Combined with the functionality of window scaling (as per RFC 1323), it is
my impression that a lone, short request can be used to trick the server
into firing gigabytes of bogus data into the void, regardless of the
server file size, connection count, or keep-alive request number limits
implemented by the administrator. Whoops?
Since there are easier tools to (D)DoS a service, and since nothing about
this attack is particularly innovative, I'll just describe what's on my
mind... let's say that http://example.com/foo.html is a medium-size static
file we found on the server (something on the order of 300 kB for Apache
and 150 kB for IIS is optimal). An attack would then look roughly the
following way:
1) Connect to the server (as many times as allowed by the remote party
or deemed appropriate for the purpose of this demonstration),
2) Negotiate a high TCP window size for each of the connections (1 GB
should be doable),
3) Send a partial request as follows for each of the connections:
GET /foo.html HTTP/1.1
Host: example.com
Range: bytes=0-,0-,0-,0-,0-... (up to 8 kB for Apache, 16 kB for IIS)
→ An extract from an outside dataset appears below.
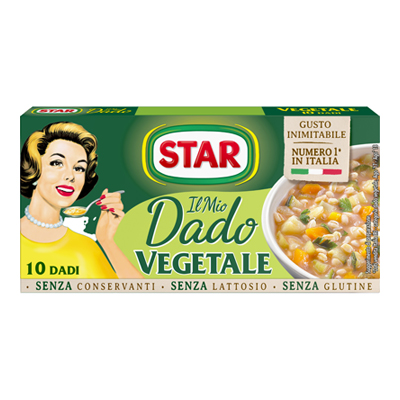 STAR DADO VEGETALE X 10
Each "0-" would generate a separate multipart/byteranges containing
the entire file (bytes from 0 'til EOF).
4) Send a closing newline within each of the connections to commit
the request,
5) Silently drop the connections, possibly re-connect to dial-up / DSL
to duck the responses that would keep pouring at full speed until
TCP window size is exhausted or an ISP-level non-delivery /
congestion control mechanism kicks in (and isn't filtered out
down the route).
This should cause the server to send gigabytes of data, with only a
minimal bandwidth expense on the attacker's end.
Well, that's the story.
This isn't the only "fire-and-run-away" attack that seems to be made much
more feasible with the help of window scaling (by making it more tempting
for the attacker to request tons of data and then go off-line and never
acknowledge it). Was there any work done on that topic? Can't Google
anything up.
(An example would be an "old-fashioned" attack on a server that happens
to host multi-gigabyte ISO files or movies - simply request them
many times and let window scaling do the rest... of course, most
high-profile sites are smart enough to host static HTML and basic layout
elements separately from such bandwidth-intensive and non-essential
content, so it still makes sense to take note of "Range" behavior).